* **WORK REQUIRED**
Give again, word for word, every line below from the one that has "YATO TARCZA WIDIOWA" through the one that has "Thuốc Nhuộm Tóc", both included, and no others.

Records excerpted from a collection:
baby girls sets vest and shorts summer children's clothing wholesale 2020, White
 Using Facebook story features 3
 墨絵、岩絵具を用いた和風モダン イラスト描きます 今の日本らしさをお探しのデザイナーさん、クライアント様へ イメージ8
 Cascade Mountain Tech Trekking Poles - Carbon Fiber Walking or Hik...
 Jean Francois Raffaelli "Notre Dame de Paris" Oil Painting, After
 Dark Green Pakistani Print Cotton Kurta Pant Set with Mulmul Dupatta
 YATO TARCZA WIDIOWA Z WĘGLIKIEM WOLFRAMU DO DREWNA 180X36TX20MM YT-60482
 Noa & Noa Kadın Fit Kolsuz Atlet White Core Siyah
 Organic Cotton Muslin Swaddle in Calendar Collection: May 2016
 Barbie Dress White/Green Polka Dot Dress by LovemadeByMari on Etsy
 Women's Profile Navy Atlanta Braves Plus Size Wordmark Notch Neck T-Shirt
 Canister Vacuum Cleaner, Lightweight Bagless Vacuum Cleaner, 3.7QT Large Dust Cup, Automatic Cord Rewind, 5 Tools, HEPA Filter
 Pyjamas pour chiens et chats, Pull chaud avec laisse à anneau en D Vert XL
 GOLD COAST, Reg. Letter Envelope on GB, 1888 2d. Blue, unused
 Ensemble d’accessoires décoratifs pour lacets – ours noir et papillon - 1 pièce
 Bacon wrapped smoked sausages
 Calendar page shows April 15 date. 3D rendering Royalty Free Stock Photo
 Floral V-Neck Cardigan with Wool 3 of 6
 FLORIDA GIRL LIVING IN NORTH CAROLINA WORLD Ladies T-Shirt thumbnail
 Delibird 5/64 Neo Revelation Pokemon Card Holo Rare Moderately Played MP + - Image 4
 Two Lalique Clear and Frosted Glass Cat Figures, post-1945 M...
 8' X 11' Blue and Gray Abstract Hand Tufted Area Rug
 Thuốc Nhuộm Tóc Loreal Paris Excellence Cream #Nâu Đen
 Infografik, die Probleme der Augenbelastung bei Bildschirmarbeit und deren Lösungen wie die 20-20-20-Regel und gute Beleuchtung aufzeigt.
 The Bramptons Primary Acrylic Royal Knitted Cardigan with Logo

* **RESPONSE**
 YATO TARCZA WIDIOWA Z WĘGLIKIEM WOLFRAMU DO DREWNA 180X36TX20MM YT-60482
 Noa & Noa Kadın Fit Kolsuz Atlet White Core Siyah
 Organic Cotton Muslin Swaddle in Calendar Collection: May 2016
 Barbie Dress White/Green Polka Dot Dress by LovemadeByMari on Etsy
 Women's Profile Navy Atlanta Braves Plus Size Wordmark Notch Neck T-Shirt
 Canister Vacuum Cleaner, Lightweight Bagless Vacuum Cleaner, 3.7QT Large Dust Cup, Automatic Cord Rewind, 5 Tools, HEPA Filter
 Pyjamas pour chiens et chats, Pull chaud avec laisse à anneau en D Vert XL
 GOLD COAST, Reg. Letter Envelope on GB, 1888 2d. Blue, unused
 Ensemble d’accessoires décoratifs pour lacets – ours noir et papillon - 1 pièce
 Bacon wrapped smoked sausages
 Calendar page shows April 15 date. 3D rendering Royalty Free Stock Photo
 Floral V-Neck Cardigan with Wool 3 of 6
 FLORIDA GIRL LIVING IN NORTH CAROLINA WORLD Ladies T-Shirt thumbnail
 Delibird 5/64 Neo Revelation Pokemon Card Holo Rare Moderately Played MP + - Image 4
 Two Lalique Clear and Frosted Glass Cat Figures, post-1945 M...
 8' X 11' Blue and Gray Abstract Hand Tufted Area Rug
 Thuốc Nhuộm Tóc Loreal Paris Excellence Cream #Nâu Đen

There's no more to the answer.